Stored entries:
-=-=-

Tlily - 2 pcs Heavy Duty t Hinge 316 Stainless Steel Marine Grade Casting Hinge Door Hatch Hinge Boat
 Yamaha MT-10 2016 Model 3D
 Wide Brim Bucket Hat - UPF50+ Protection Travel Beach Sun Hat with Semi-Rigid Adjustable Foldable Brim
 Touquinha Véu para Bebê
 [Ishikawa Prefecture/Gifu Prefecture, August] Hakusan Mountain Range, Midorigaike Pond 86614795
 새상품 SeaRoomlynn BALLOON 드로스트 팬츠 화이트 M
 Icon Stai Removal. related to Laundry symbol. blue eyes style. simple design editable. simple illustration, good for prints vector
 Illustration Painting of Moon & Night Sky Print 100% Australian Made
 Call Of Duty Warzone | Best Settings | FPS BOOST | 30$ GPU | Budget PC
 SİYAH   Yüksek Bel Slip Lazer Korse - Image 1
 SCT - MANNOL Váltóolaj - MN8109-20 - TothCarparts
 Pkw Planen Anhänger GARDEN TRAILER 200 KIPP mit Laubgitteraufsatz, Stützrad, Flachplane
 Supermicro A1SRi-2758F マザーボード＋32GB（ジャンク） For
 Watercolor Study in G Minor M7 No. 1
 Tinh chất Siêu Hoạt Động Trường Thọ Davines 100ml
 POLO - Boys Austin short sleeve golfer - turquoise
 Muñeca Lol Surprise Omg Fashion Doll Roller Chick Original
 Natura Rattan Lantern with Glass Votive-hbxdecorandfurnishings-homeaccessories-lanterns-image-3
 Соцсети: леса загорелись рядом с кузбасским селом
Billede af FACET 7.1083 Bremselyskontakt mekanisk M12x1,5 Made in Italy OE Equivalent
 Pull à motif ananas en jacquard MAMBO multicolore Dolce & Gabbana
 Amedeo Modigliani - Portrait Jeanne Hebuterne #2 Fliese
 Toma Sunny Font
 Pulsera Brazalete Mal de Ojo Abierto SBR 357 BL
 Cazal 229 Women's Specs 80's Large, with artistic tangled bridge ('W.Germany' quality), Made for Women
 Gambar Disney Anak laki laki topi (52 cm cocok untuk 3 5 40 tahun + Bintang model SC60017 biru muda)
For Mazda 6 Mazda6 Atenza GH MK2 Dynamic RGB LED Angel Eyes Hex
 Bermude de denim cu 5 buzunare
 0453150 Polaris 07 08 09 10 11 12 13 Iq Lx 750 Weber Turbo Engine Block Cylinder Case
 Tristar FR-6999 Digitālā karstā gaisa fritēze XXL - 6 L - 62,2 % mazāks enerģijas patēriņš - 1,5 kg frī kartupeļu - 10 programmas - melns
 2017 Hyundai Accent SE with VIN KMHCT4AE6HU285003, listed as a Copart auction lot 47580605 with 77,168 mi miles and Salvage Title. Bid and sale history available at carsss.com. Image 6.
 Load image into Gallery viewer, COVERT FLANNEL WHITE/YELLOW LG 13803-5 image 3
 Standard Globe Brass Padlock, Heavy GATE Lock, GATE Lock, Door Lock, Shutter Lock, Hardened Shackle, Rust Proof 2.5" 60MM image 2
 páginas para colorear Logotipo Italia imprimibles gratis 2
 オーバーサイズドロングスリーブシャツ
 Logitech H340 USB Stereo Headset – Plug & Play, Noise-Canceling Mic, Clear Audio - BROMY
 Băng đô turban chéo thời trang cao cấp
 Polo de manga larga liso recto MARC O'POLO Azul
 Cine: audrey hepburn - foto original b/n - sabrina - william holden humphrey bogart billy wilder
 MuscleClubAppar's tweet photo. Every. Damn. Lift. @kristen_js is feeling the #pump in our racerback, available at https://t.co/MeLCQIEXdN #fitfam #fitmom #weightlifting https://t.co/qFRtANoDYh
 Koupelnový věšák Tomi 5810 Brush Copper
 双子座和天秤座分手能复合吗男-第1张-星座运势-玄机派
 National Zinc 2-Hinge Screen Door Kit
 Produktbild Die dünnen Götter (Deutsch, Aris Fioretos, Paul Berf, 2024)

-=-=-

Try it >> Above are the records. Copy the lines beginning at the one that has "Bermude de denim cu 5 buzunare" and ending with the one that has "Cine: audrey hepburn", unchanged.

Written response >>
 Bermude de denim cu 5 buzunare
 0453150 Polaris 07 08 09 10 11 12 13 Iq Lx 750 Weber Turbo Engine Block Cylinder Case
 Tristar FR-6999 Digitālā karstā gaisa fritēze XXL - 6 L - 62,2 % mazāks enerģijas patēriņš - 1,5 kg frī kartupeļu - 10 programmas - melns
 2017 Hyundai Accent SE with VIN KMHCT4AE6HU285003, listed as a Copart auction lot 47580605 with 77,168 mi miles and Salvage Title. Bid and sale history available at carsss.com. Image 6.
 Load image into Gallery viewer, COVERT FLANNEL WHITE/YELLOW LG 13803-5 image 3
 Standard Globe Brass Padlock, Heavy GATE Lock, GATE Lock, Door Lock, Shutter Lock, Hardened Shackle, Rust Proof 2.5" 60MM image 2
 páginas para colorear Logotipo Italia imprimibles gratis 2
 オーバーサイズドロングスリーブシャツ
 Logitech H340 USB Stereo Headset – Plug & Play, Noise-Canceling Mic, Clear Audio - BROMY
 Băng đô turban chéo thời trang cao cấp
 Polo de manga larga liso recto MARC O'POLO Azul
 Cine: audrey hepburn - foto original b/n - sabrina - william holden humphrey bogart billy wilder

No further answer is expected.